**Problem description:** When you reach the line with "Stopcontacten En USB", transcribe it and each line after it through the last one below, exactly. Pictures stay out.

**Supplied entries:**

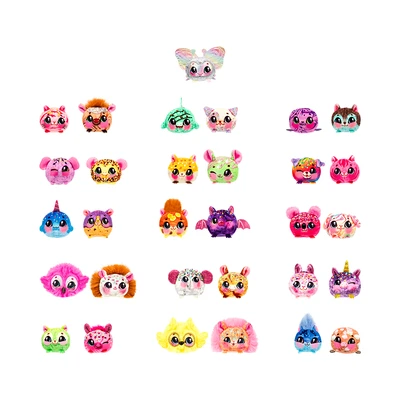 Gambar Cookeez Makery Set 2 Pcs Boneka Yum Yumz Random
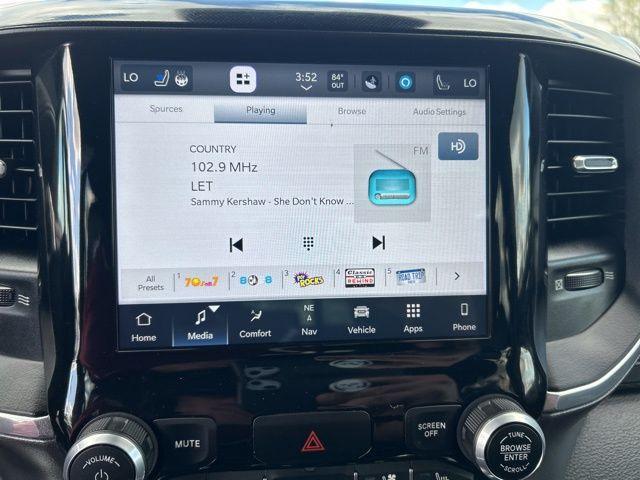 used 2022 Ram 1500 car, priced at $30,999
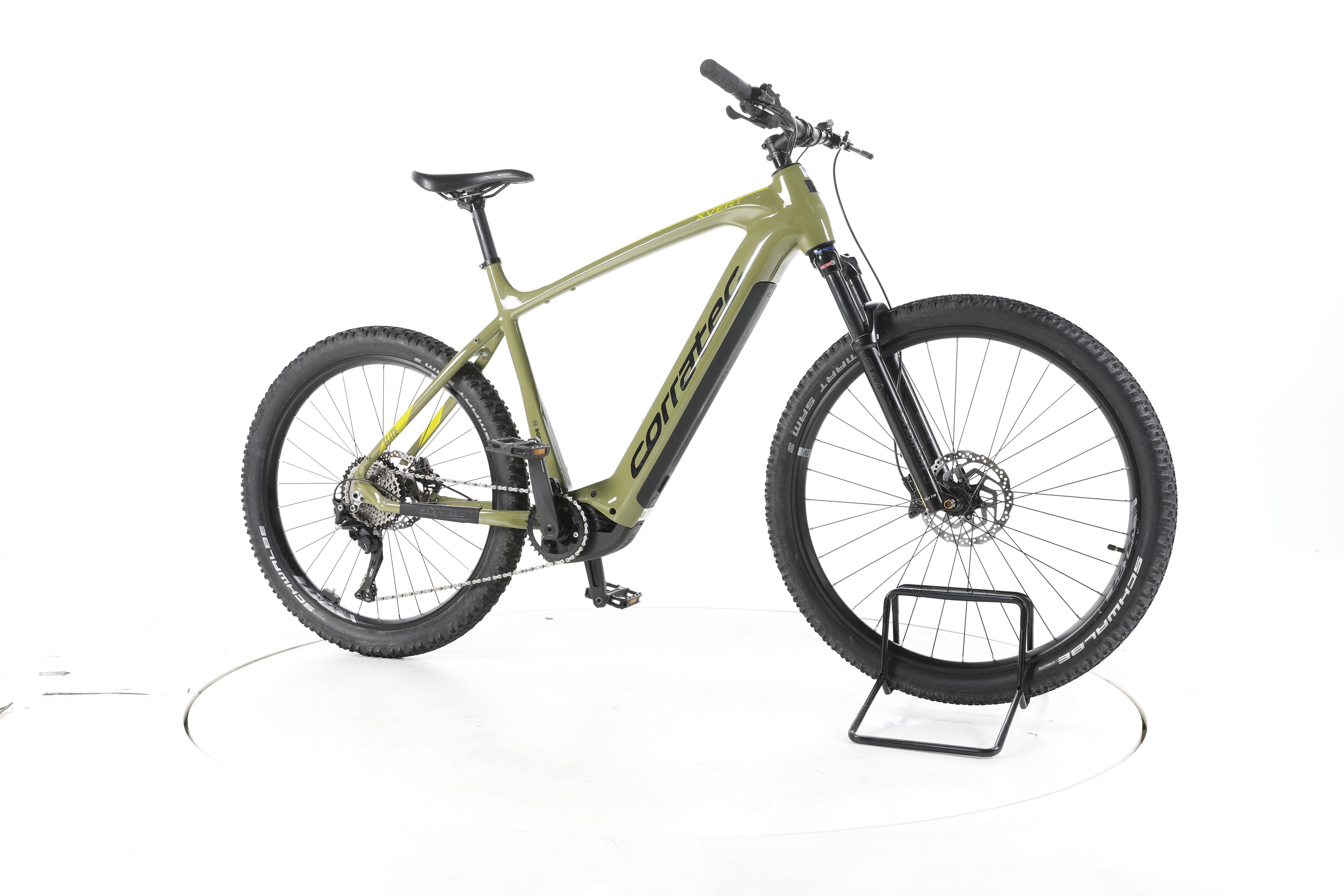 Corratec E-Power X Vert Elite E-Bike - Image 2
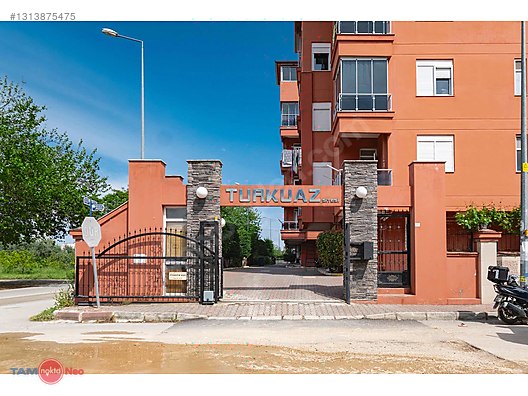 DOĞALGAZLI 3+1,EXTRA BÜYÜK TERASLI HAVUZLU SITE İÇİ DUBLEX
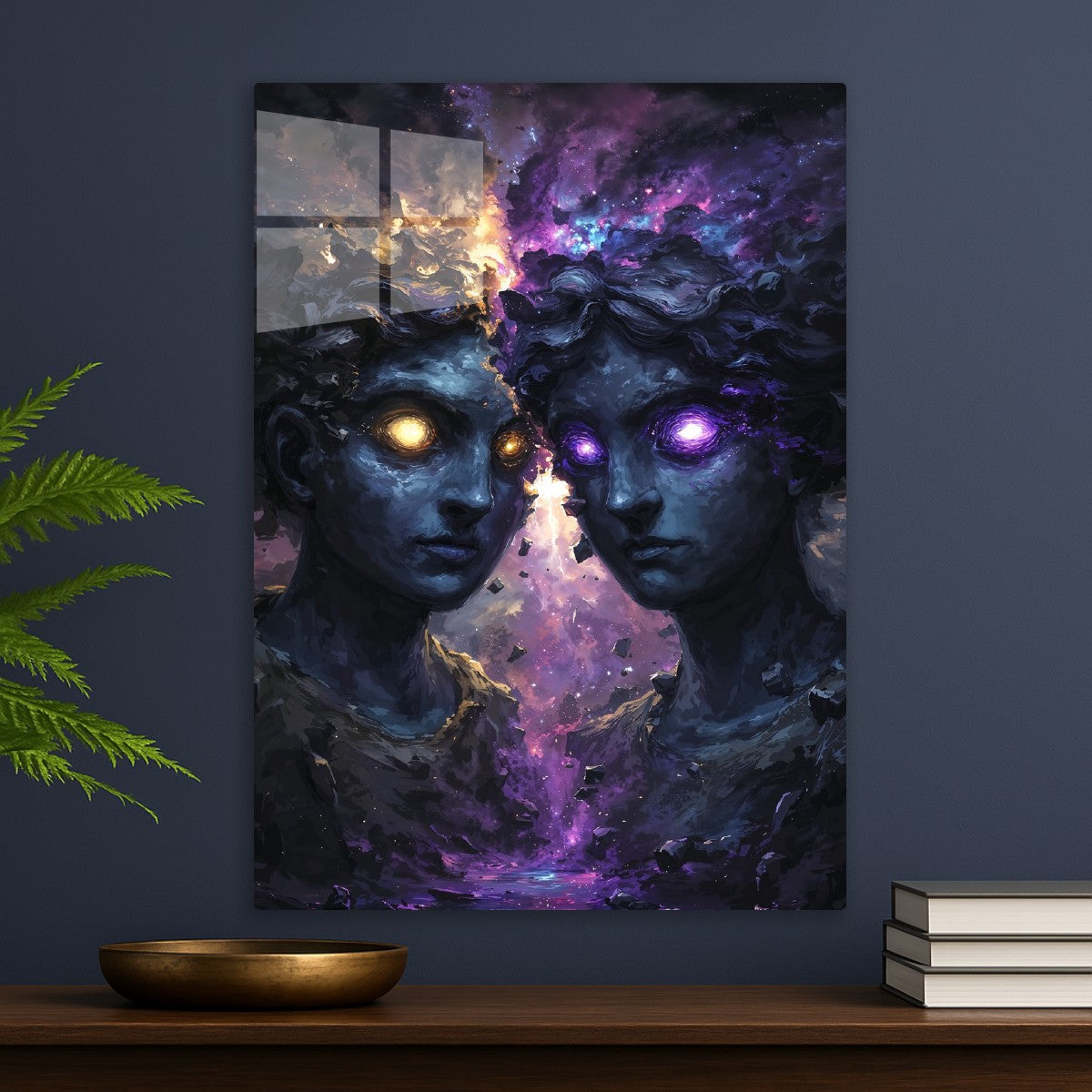 Celestial Twins Awakening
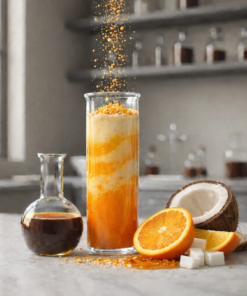 Orange Coconut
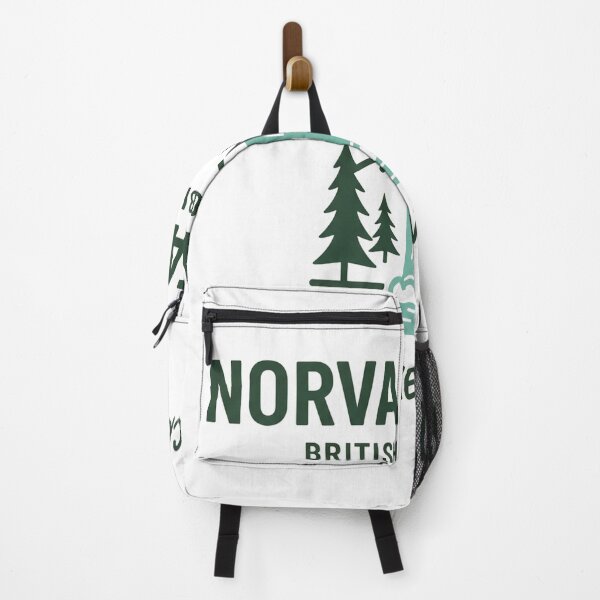 Item preview, Norvan Falls, North Van, British Columbia Hike designed and sold by Triple-Crown.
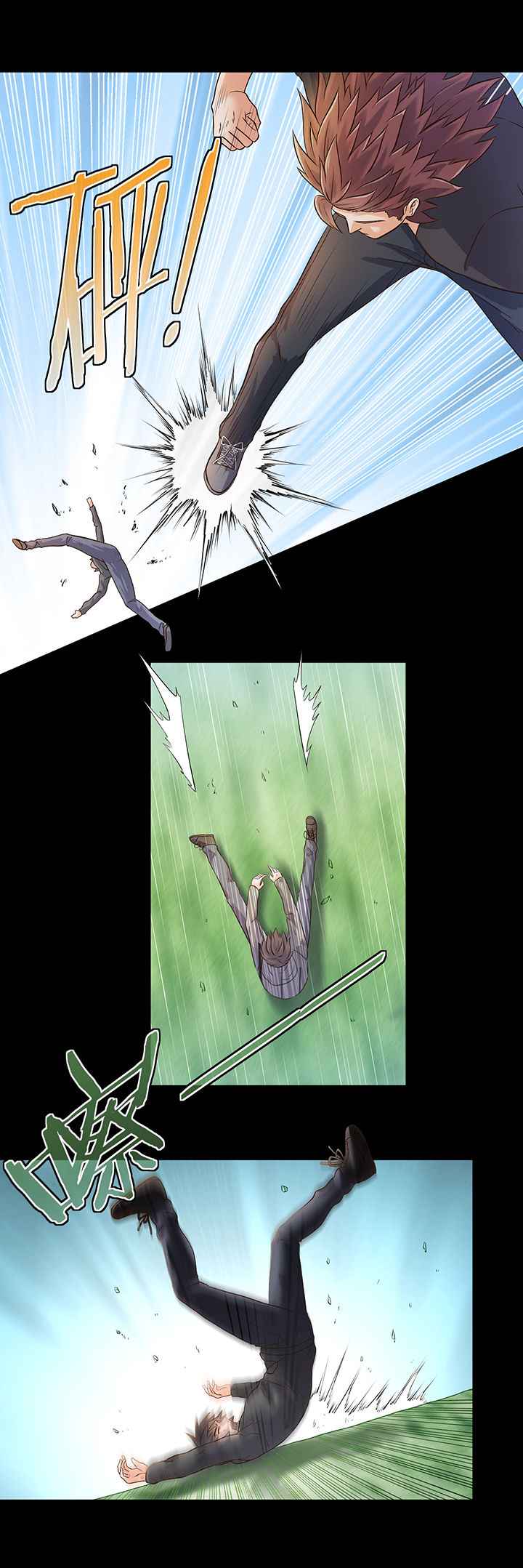 变脸少年漫画,第48章：2图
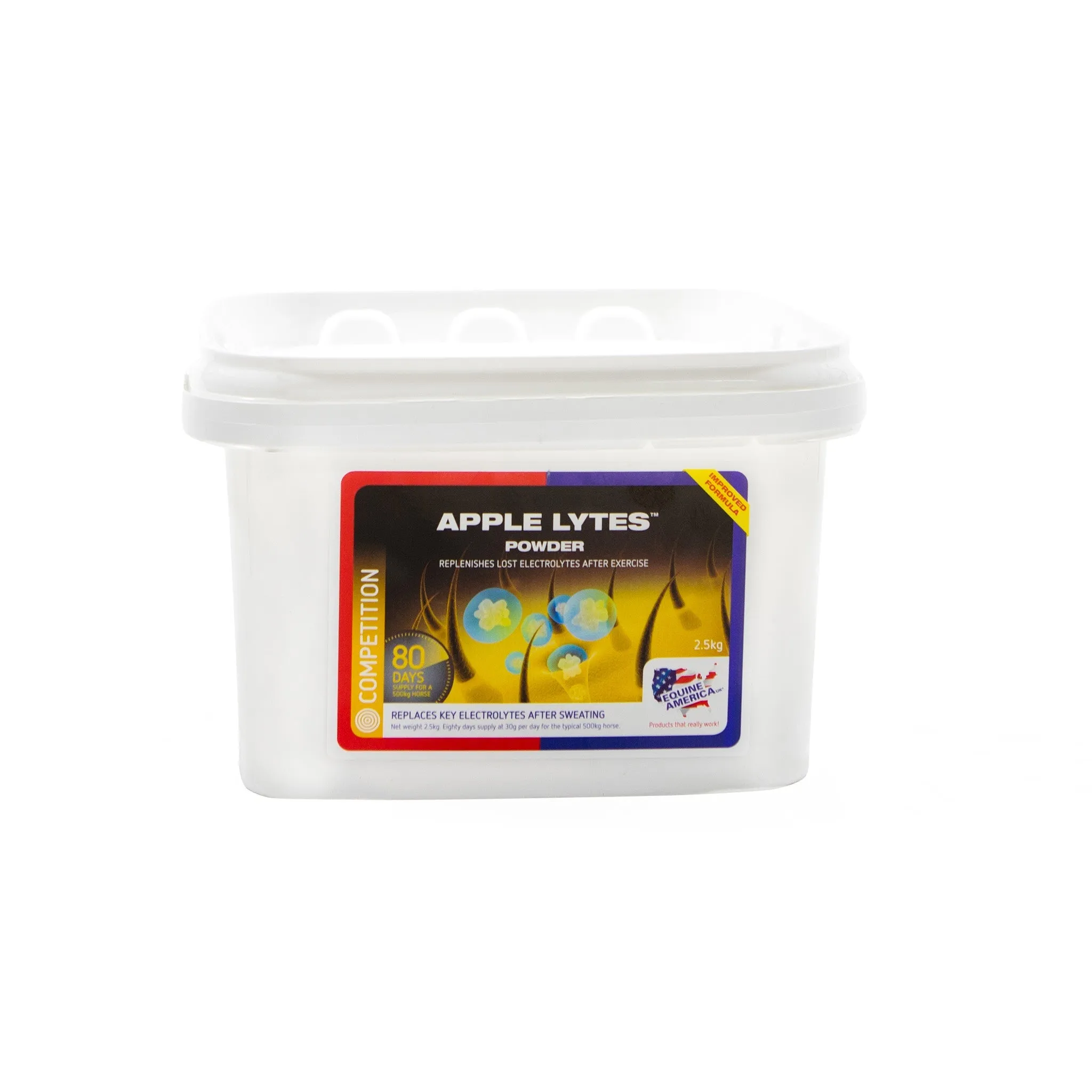 Apple Lytes Powder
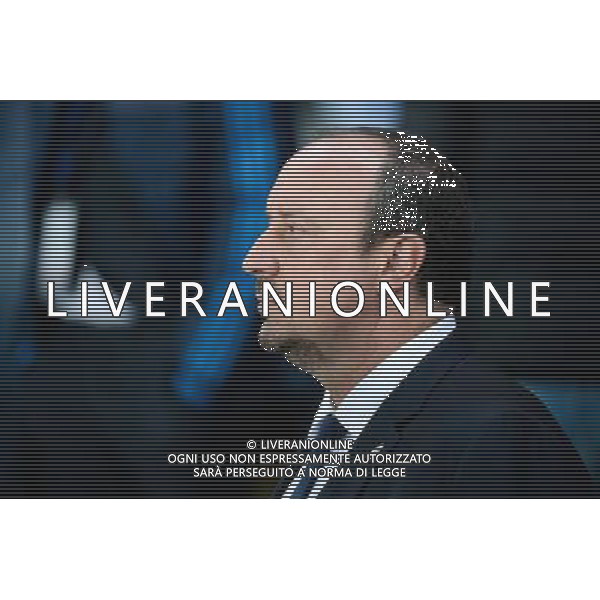 Rafael BENITEZ - 21.10.2015 - PSG / Real Madrid - 3eme journee Champions League Photo : Nolwenn Le Gouic / Icon Sport AG ALDO LIVERANI SAS ONLY ITALY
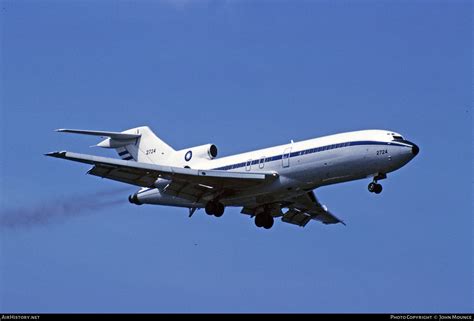 Aircraft Photo of 2724 | Boeing 727-121C | Taiwan - Air Force ...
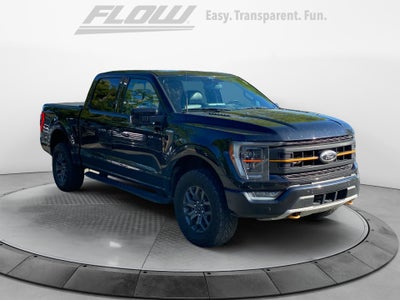 2021 Ford F-150 Tremor
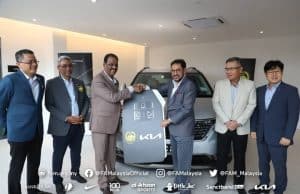 FAM jalin kerjasama strategik bersama Kia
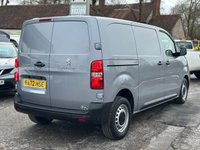 USED 2023 72 PEUGEOT EXPERT 1.5 BlueHDi 1000 Professional Premium + Standard Panel Van 6dr Diesel Manual MWB Euro 6 (s/s) (100 bhp) 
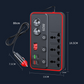 💥50% KORTING🚗 Multifunctionele Autolader Met Stopcontacten En USB
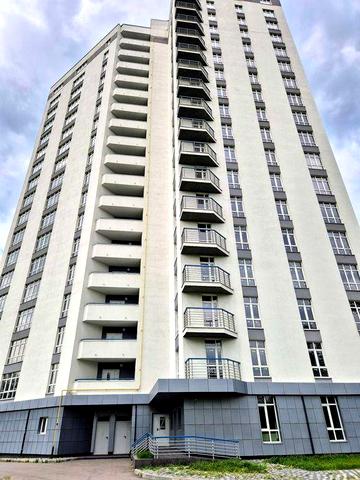 Продаж 1к кв-ри 47,5 m2 в ЖК Зеніт у м. Вишгород, Шолуденка 17. Без %. ЖК Зеніт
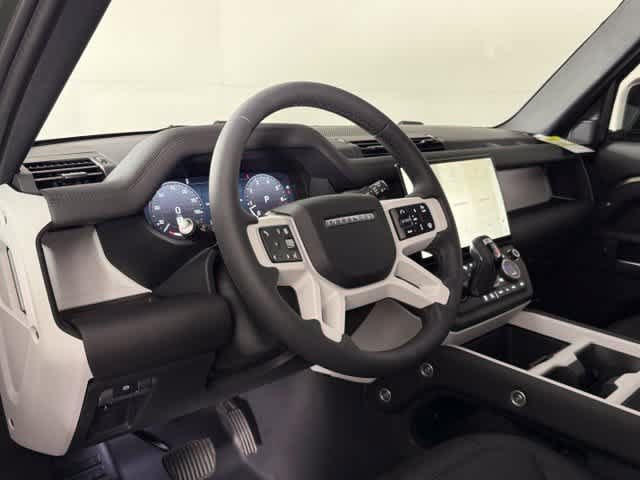 New 2026 Land Rover Defender 110 S AWD/4WD image 5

**Solution below:**
 💥50% KORTING🚗 Multifunctionele Autolader Met Stopcontacten En USB
 Продаж 1к кв-ри 47,5 m2 в ЖК Зеніт у м. Вишгород, Шолуденка 17. Без %. ЖК Зеніт
 New 2026 Land Rover Defender 110 S AWD/4WD image 5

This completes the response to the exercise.